# Sony XA-300, Galaxy S5, CDX-C910, XDP-210EQ..........



## shutterguy (Feb 10, 2015)

Want to integrate some old school with new school. Background to this started with a friends BMW, he integrated a tablet into the stock system using a DAC and rooted/modded Android OS tablet, anything that the tablet can run will go through the audio system (gps, movies, music, etc). I saw this and was immediately hooked, I have a Sony CDX-C910 headunit, XDP-210EQ processor, Samsung Galaxy S5, and just recently purchased the XA-C300 (pictured below). What I'm wanting to do is run the S5 as an aux through the XA-300, which I'm thinking just plugs into the changer inputs on the 210EQ (unilink and analog audio). I see on the XA-300 it has a USB input, I'm wondering if I find software that will run the audio from the S5 through it's USB, that should plug into the XA-300 without an issue. Has anybody messed around with this setup?


----------



## mrnix (Mar 2, 2009)

shutterguy said:


> Want to integrate some old school with new school. Background to this started with a friends BMW, he integrated a tablet into the stock system using a DAC and rooted/modded Android OS tablet, anything that the tablet can run will go through the audio system (gps, movies, music, etc). I saw this and was immediately hooked, I have a Sony CDX-C910 headunit, XDP-210EQ processor, Samsung Galaxy S5, and just recently purchased the XA-C300 (pictured below). What I'm wanting to do is run the S5 as an aux through the XA-300, which I'm thinking just plugs into the changer inputs on the 210EQ (unilink and analog audio). I see on the XA-300 it has a USB input, I'm wondering if I find software that will run the audio from the S5 through it's USB, that should plug into the XA-300 without an issue. Has anybody messed around with this setup?

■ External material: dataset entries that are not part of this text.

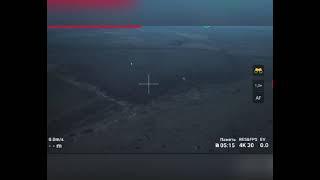 русский постучал по 🇺🇦 дрону, тот взорвался😂/ russian soldier knocked on a 🇺🇦 drone and it exploded😂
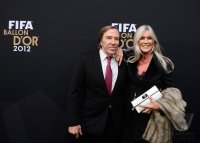 Fussball International FIFA Ballon d Or 2012:  Guenther Netzer (li, Deutschland) mit Frau Elvira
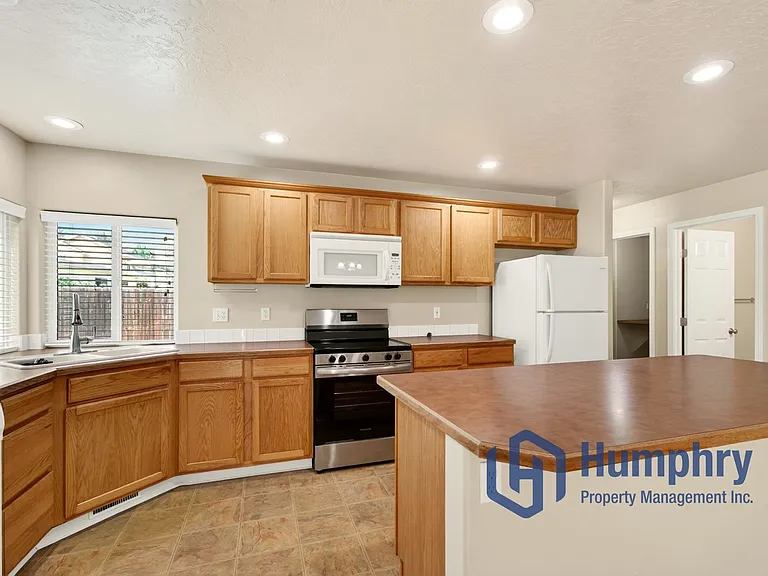 3527 E Hand Cart Ln — Photo 19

I know this is an old post, but you probably figured out that the XA-300 wouldn't work with your phone's USB input. It was made for a PC to plug in via a USB A-B cable. I tried what you suggested a long time ago, and was never able to make it work. For phone audio, you're limited to the headphone jack.


----------



## shutterguy (Feb 10, 2015)

mrnix said:


> I know this is an old post, but you probably figured out that the XA-300 wouldn't work with your phone's USB input. It was made for a PC to plug in via a USB A-B cable. I tried what you suggested a long time ago, and was never able to make it work. For phone audio, you're limited to the headphone jack.


I actually got it to work, I used a USB-to-Go cable and an app called USB Audio Player PRO which recognizes the XA-300. It worked with my Galaxy S5 then, my Galaxy table now, and my current Galaxy S6 Edge phone. Audio is very clean using that app.

http://www.extreamsd.com/index.php/products/usb-audio-player-pro


----------



## mrnix (Mar 2, 2009)

shutterguy said:


> I actually got it to work, I used a USB-to-Go cable and an app called USB Audio Player PRO which recognizes the XA-300. It worked with my Galaxy S5 then, my Galaxy table now, and my current Galaxy S6 Edge phone. Audio is very clean using that app.
> 
> USB Audio Player PRO


That's great. It had been several years since I looked into a solution, I don't think such a thing existed then. Unfortunate they never made a bluetooth adapter for the unilink/Mobile ES stuff. Yes, I know you can get a BT adapter to plug into a headphone jack, but an integrated one via Unilink would be much better.


----------



## shutterguy (Feb 10, 2015)

mrnix said:


> That's great. It had been several years since I looked into a solution, I don't think such a thing existed then. Unfortunate they never made a bluetooth adapter for the unilink/Mobile ES stuff. Yes, I know you can get a BT adapter to plug into a headphone jack, but an integrated one via Unilink would be much better.


The funny thing for me in my situation is the money spent on car audio to get the best sound you can in that environment, then buying adapters and cables to support mostly compressed audio!! I probably could just buy a newer head unit with USB flash drive support and call it a day, however I am an old diehard Sony ES fan and had to find something that worked with C910, lol.


----------



## mrnix (Mar 2, 2009)

shutterguy said:


> The funny thing for me in my situation is the money spent on car audio to get the best sound you can in that environment, then buying adapters and cables to support mostly compressed audio!! I probably could just buy a newer head unit with USB flash drive support and call it a day, however I am an old diehard Sony ES fan and had to find something that worked with C910, lol.


I'm a big fan of the Sony Mobile ES stuff as well. I have a ton of it that's collecting dust, though. I recently bought a newer car, and everything is integrated so it's more trouble than it's worth to try and replace it, sadly.


----------